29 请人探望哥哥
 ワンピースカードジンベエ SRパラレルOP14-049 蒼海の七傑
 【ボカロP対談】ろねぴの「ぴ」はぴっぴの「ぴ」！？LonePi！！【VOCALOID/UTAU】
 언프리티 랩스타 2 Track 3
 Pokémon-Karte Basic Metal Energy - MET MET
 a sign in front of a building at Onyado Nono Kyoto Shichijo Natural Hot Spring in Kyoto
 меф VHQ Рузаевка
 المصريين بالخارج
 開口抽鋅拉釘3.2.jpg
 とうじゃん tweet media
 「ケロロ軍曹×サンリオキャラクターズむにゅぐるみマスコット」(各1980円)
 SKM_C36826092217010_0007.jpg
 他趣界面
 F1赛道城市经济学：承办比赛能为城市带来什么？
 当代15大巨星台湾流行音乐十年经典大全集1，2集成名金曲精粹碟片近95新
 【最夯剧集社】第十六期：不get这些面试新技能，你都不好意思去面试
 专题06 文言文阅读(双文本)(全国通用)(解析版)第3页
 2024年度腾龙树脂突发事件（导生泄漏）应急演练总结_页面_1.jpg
* * *
» What to work on:
Retype the material above in full, with nothing altered.

» Solution for this task:
29 请人探望哥哥
 ワンピースカードジンベエ SRパラレルOP14-049 蒼海の七傑
 【ボカロP対談】ろねぴの「ぴ」はぴっぴの「ぴ」！？LonePi！！【VOCALOID/UTAU】
 언프리티 랩스타 2 Track 3
 Pokémon-Karte Basic Metal Energy - MET MET
 a sign in front of a building at Onyado Nono Kyoto Shichijo Natural Hot Spring in Kyoto
 меф VHQ Рузаевка
 المصريين بالخارج
 開口抽鋅拉釘3.2.jpg
 とうじゃん tweet media
 「ケロロ軍曹×サンリオキャラクターズむにゅぐるみマスコット」(各1980円)
 SKM_C36826092217010_0007.jpg
 他趣界面
 F1赛道城市经济学：承办比赛能为城市带来什么？
 当代15大巨星台湾流行音乐十年经典大全集1，2集成名金曲精粹碟片近95新
 【最夯剧集社】第十六期：不get这些面试新技能，你都不好意思去面试
 专题06 文言文阅读(双文本)(全国通用)(解析版)第3页
 2024年度腾龙树脂突发事件（导生泄漏）应急演练总结_页面_1.jpg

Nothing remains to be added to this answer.